→ **Given information**
=== Begin Enclosure ===

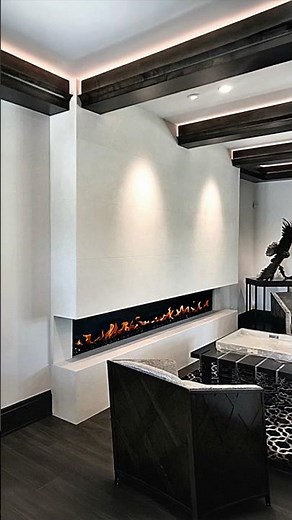 Hand-Carved Natural Stone Fireplaces With Custom Over-Mantels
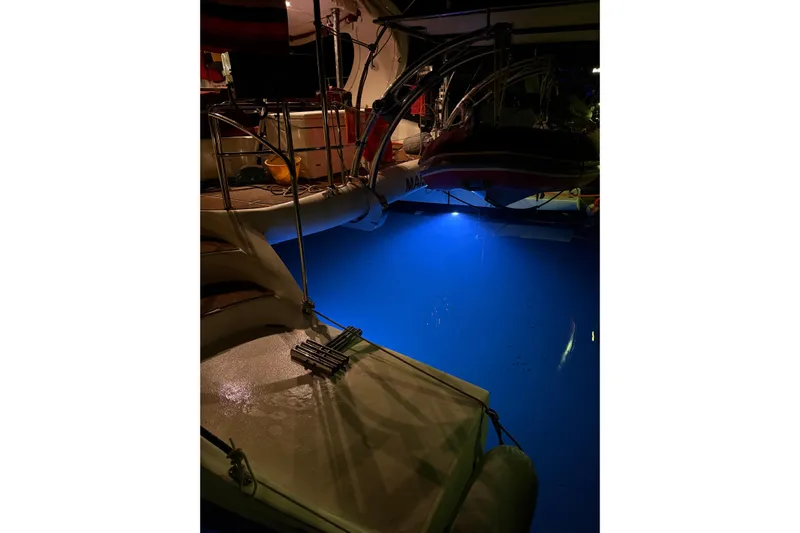 Manila Spirit Yacht Photos Pics Catamaran deck at night with blue underwater lights, Dean 5000, 2012 model.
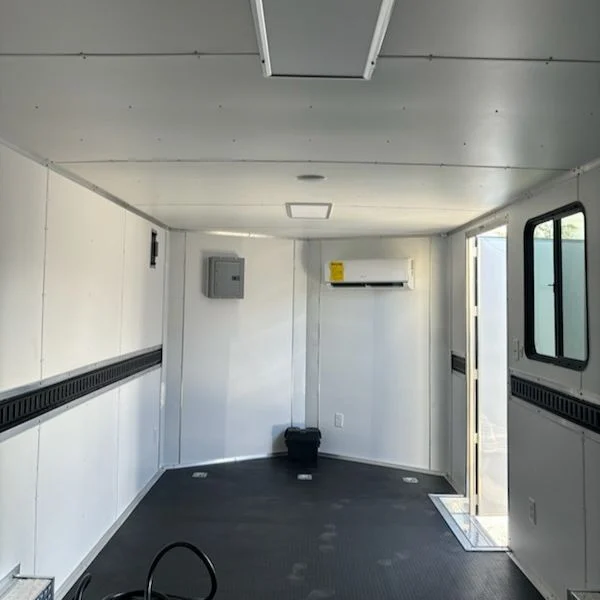 Finished interior of an enclosed trailer with AC unit and bright wall lining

=== End Enclosure ===

In your output, include only the lines from the line containing "Manila Spirit Yacht" through the last line of the material above, exactly as they appear, and leave out the pictures.

 Manila Spirit Yacht Photos Pics Catamaran deck at night with blue underwater lights, Dean 5000, 2012 model.
 Finished interior of an enclosed trailer with AC unit and bright wall lining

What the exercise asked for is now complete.